## [Data section]
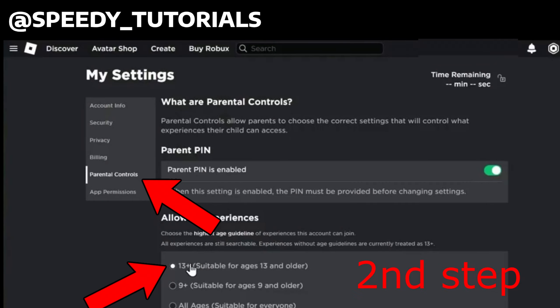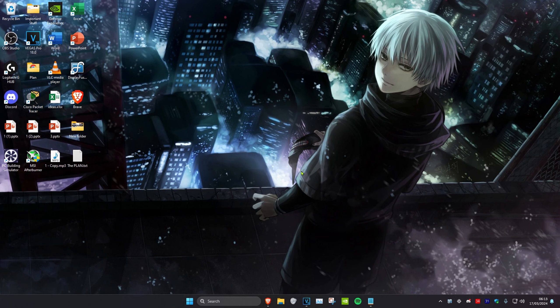Once you do that, click on the Parental Controls tab. The parent of the account should set it to 13+, and then the problem should be fixed. You can restart Roblox and it should be working now.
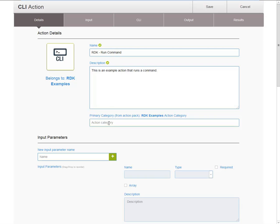The Action Category field. By default, all the Actions are part of the Primary Category as defined in the Action Pack properties. The Action Category enables you to put this Action in a sub-category, which is useful for Action Packs that have many Actions and require proper grouping of Actions.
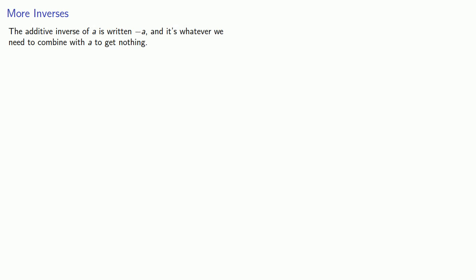Let's think a little bit more about the additive inverse. The additive inverse of a is written as the additive inverse of a — sometimes we read this as negative a — and it's whatever we need to combine with a to get nothing.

## [How to complete this task]
With images omitted, retype the data word for word.

## [Reply to the task]
Once you do that, click on the Parental Controls tab. The parent of the account should set it to 13+, and then the problem should be fixed. You can restart Roblox and it should be working now.
The Action Category field. By default, all the Actions are part of the Primary Category as defined in the Action Pack properties. The Action Category enables you to put this Action in a sub-category, which is useful for Action Packs that have many Actions and require proper grouping of Actions.
Let's think a little bit more about the additive inverse. The additive inverse of a is written as the additive inverse of a — sometimes we read this as negative a — and it's whatever we need to combine with a to get nothing.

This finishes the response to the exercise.